▶ What is needed: When the word "Urban" appears in a line of the data below, list that line.

▶ Given data:
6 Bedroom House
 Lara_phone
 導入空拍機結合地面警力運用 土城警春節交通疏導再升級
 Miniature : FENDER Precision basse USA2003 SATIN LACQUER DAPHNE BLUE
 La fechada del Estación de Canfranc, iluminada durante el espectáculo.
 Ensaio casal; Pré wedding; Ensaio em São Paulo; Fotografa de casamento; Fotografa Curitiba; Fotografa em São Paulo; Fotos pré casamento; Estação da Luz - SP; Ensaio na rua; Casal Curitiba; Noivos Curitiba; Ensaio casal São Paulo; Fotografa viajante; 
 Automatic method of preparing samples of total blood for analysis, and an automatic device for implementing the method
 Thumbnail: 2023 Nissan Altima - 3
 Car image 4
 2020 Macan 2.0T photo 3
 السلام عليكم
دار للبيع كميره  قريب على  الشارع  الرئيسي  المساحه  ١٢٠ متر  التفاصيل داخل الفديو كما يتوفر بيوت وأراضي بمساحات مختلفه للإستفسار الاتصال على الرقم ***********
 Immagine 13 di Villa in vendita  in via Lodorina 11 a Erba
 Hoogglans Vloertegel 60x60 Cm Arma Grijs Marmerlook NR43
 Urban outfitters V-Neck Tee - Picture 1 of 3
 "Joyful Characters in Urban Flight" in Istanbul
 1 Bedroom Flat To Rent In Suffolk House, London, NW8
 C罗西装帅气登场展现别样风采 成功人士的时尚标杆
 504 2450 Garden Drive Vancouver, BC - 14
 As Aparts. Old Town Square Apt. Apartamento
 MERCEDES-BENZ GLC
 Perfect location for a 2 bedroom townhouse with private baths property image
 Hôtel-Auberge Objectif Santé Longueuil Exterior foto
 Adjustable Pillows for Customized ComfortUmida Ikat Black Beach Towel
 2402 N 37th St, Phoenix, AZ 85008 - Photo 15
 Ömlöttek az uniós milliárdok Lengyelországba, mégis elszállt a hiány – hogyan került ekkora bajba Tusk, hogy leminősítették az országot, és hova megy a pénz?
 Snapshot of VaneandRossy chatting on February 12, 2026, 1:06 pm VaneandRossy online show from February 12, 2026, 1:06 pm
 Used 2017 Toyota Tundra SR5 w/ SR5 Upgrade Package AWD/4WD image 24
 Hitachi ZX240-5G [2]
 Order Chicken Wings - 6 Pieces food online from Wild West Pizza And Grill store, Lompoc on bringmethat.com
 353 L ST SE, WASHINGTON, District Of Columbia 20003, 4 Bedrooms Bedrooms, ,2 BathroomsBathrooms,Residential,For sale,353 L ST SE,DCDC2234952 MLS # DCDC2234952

▶ Result of the exercise:
 Urban outfitters V-Neck Tee - Picture 1 of 3
 "Joyful Characters in Urban Flight" in Istanbul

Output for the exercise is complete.